How it's like to go to Stanford, at least as an undergrad:

  There is this thing we have called the Duck Syndrome. Basically, you see this serene-looking duck gliding on the surface of a lake, and you think, ah, duckies! Woot. And how relaxed and gracefully it moves across the lake, doing these number 8s

        while those tiny little legs are kicking FURIOUSly under the water.

  So on the surface you have the kids running around throwing frisbees shirtless on the lawns, mucking around with the band on their band runs, partying hard on weekends, and then you go to Green library, and you see the same frat boy who was doing that amazing keg stand giving you a sober nod as you walk by, as he tries to grind thinner the right side of his open engineering textbook.

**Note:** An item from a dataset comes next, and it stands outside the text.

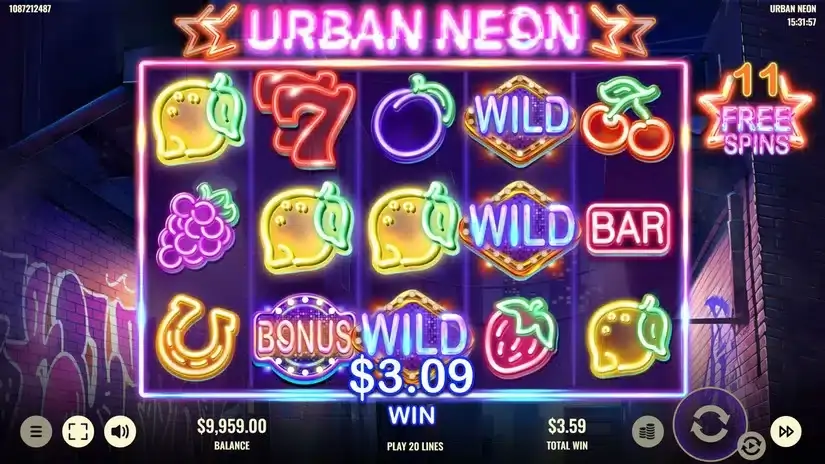 Urban Neon slot screenshot 4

  It's sad, really. You have all these ex-nerds who spend all of their freshman year trying to master the art of drinking and coming off as cool or wacky college kids, but they all know deep down who their daddy is. It's that problem set due next week, or midterm or final, or final project, or whatever. So you go through these four years looking around you at this sort of thin experience that's not exactly college and not exacty grad school. No one's totally into anything, so the parties are halfway ok but end way too early, the kids care enough to do well-enough in tests to make the grading curve annoying, but not enough to remember what happened once the next quarter rolls in. Palo Alto, the surrounding city, also sucks. A bourgeois stretch of road leading out of campus that's nothing but wall-to-wall expensive restaurants and exotic furniture stores, and maybe two bars that are so lame even the fizzy cocktails can't sparkle, and the alcohol will only make you sad drunk.

  Like I said, it's a thin, mildly-offputting Kafkaesque experience. But if you do end up going to Stanford, I highly recommend hanging out with the international students. You can say they're the Stanford rich kids who actually know how to spend money in interesting ways, if you're international too (yay me) they're the ones who will hang out with you in the airports of connecting flights or fuck it, our flights leave in about four hours, let's see what Zurich's up to, the ones that host soirees not parties in their off-campus houses, the ones who know how to get a hold of the more interesting drugs like molly and blow, why lie, these are cool kids. Also fun are the hipsters and assorted artsy types, but sure to bring along your irony for a fun time. The football players are also neat too.

  OK, I can't knock it too much, I had fun. Just don't expect the experience to make itself, you've got to get in there and make it happen for yourself.